When developing code that sends email to your customers, it’s smart to try things out on a test list first. Using our sink-domain service helps you avoid negative impact to your reputation during tests. Next you’ll want to check that your code is working at scale on a realistic sized recipient list and flush out any code performance issues… but how?
You could use Microsoft Excel to put together .csv recipient-list files for you, but there are practical limitations, and it’s slow. You’ll be using fields like “substitution_data that require JSON encoding, and Excel doesn’t help you with those. Performance-wise, anything more than a few hundred rows in Excel is going to get cumbersome.
What we need is a tool that will generate realistic looking test lists; preferably of any size, up to hundreds of thousands of recipients, with safe sink-domain addresses. Excel would be really slow at doing that – we can do much better with some gentle programming.

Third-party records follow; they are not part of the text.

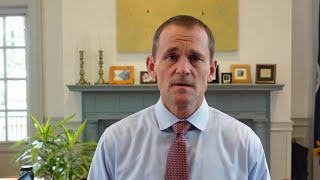 Governor-elect Spanberger calls for delay in UVA president search until board is fully appointed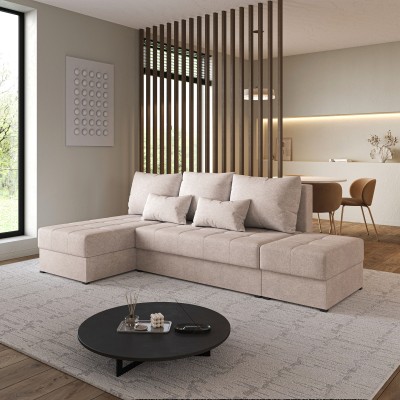 Narożnik NORVI NEVE 04 do Salonu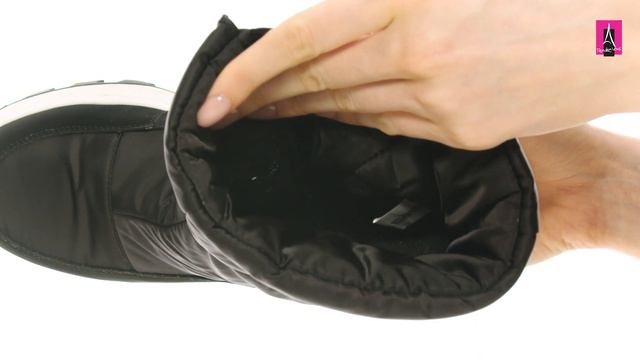 3759075 Видеообзор I Женские дутики TENDANCE смотреть онлайн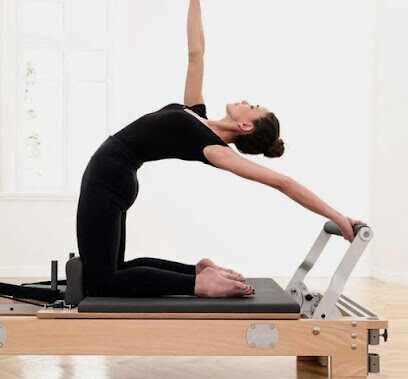 BODY BALANCE PILATES &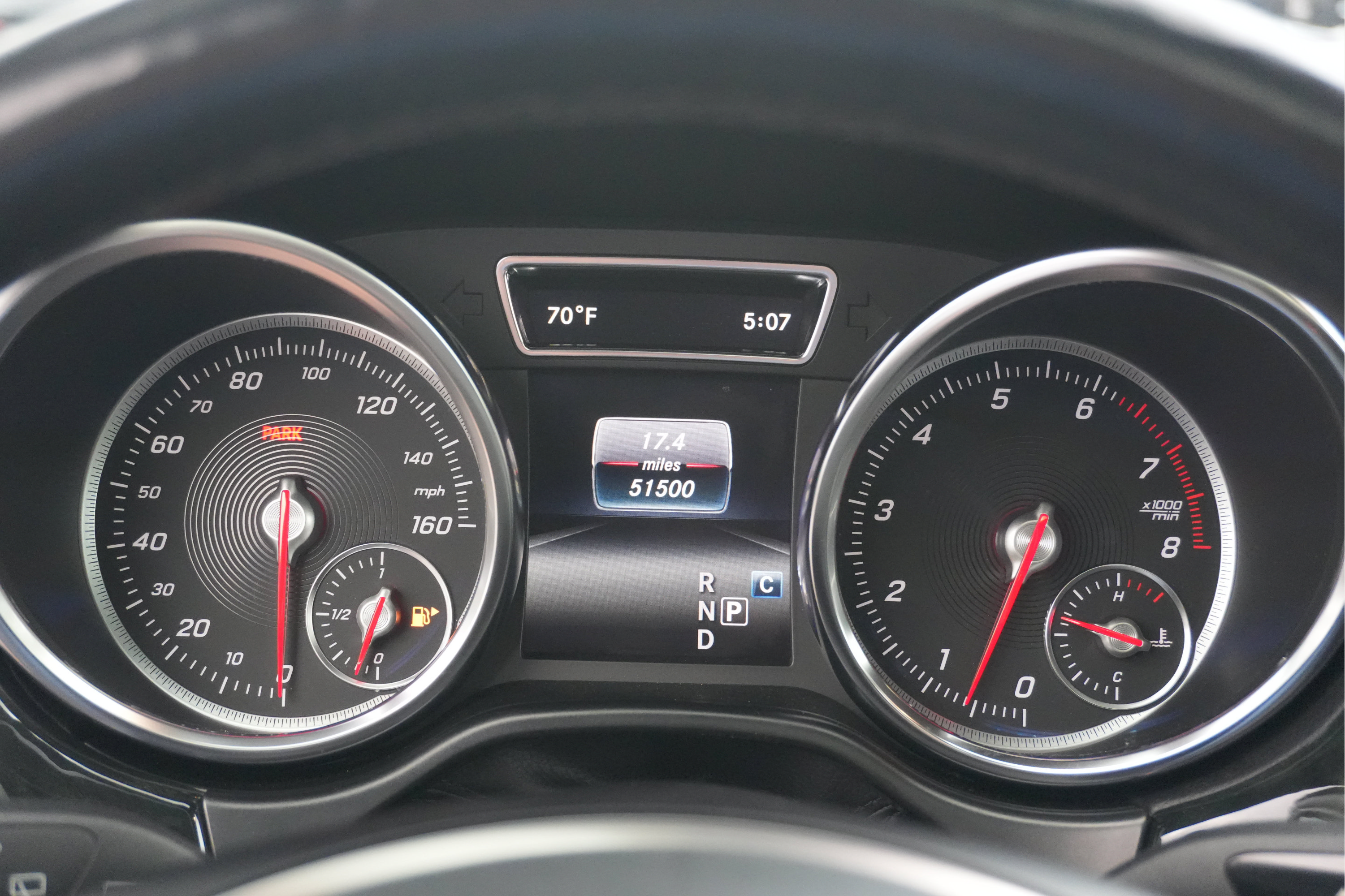 Used 2019 Mercedes-Benz GLE 400 4MATIC w/ Premium 1 Package image 49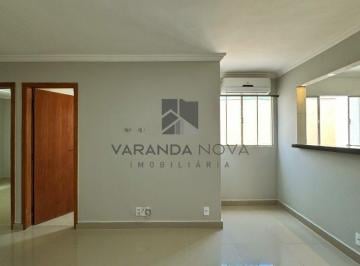 Apartamento · 38m² · 2 Quartos · 1 Vaga · Apartamento no Jardim Botanico com 2 Dormitorios a Venda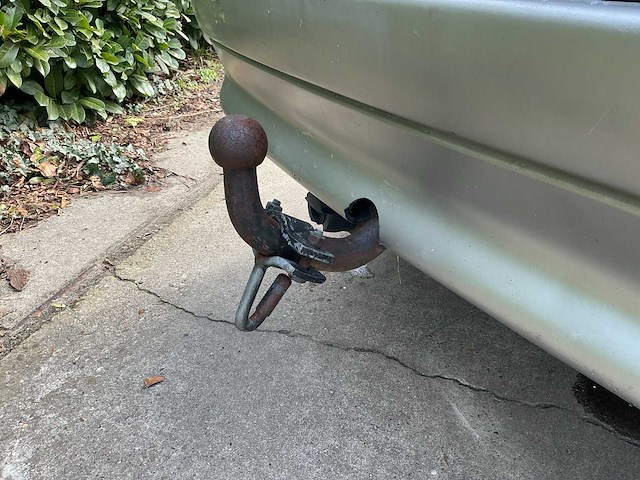 Opel astra cabriolet sb-nt-67 - afbeelding 18 van  21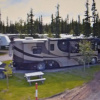 Отель Tok RV Village & Cabins, фото 17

The second requirement, perhaps less obvious, is testing your uploads to SparkPost’s built-in suppression-list functionality. It’s good practice to upload the suppressed addresses from your previous provider before mailing – see, for example our Migration Guides. You might need to rehearse a migration without using your real suppression addresses. Perhaps you don’t have easy access to them right now, because your old provider is playing awkward and doesn’t have a nice API. Luckily, with very little extra code, we can also make this tool generate “practice suppression lists.
You’re on my list
CSV files have a “header in line 1 of the file, giving the names of each field. Handy hint: you can get an example file, including the header line, directly from SparkPost, using the “Download a Recipient List CSV template button right here:
The SparkPost recipient-list .csv format looks like this:
email,name,return_path,metadata,substitution_data,tags
recipient@example.com,Example Recipient,reply@example.com,"{""foo"": ""bar""}","{""member"": ""Platinum"", ""region"": ""US""}","[""test"", ""example""]"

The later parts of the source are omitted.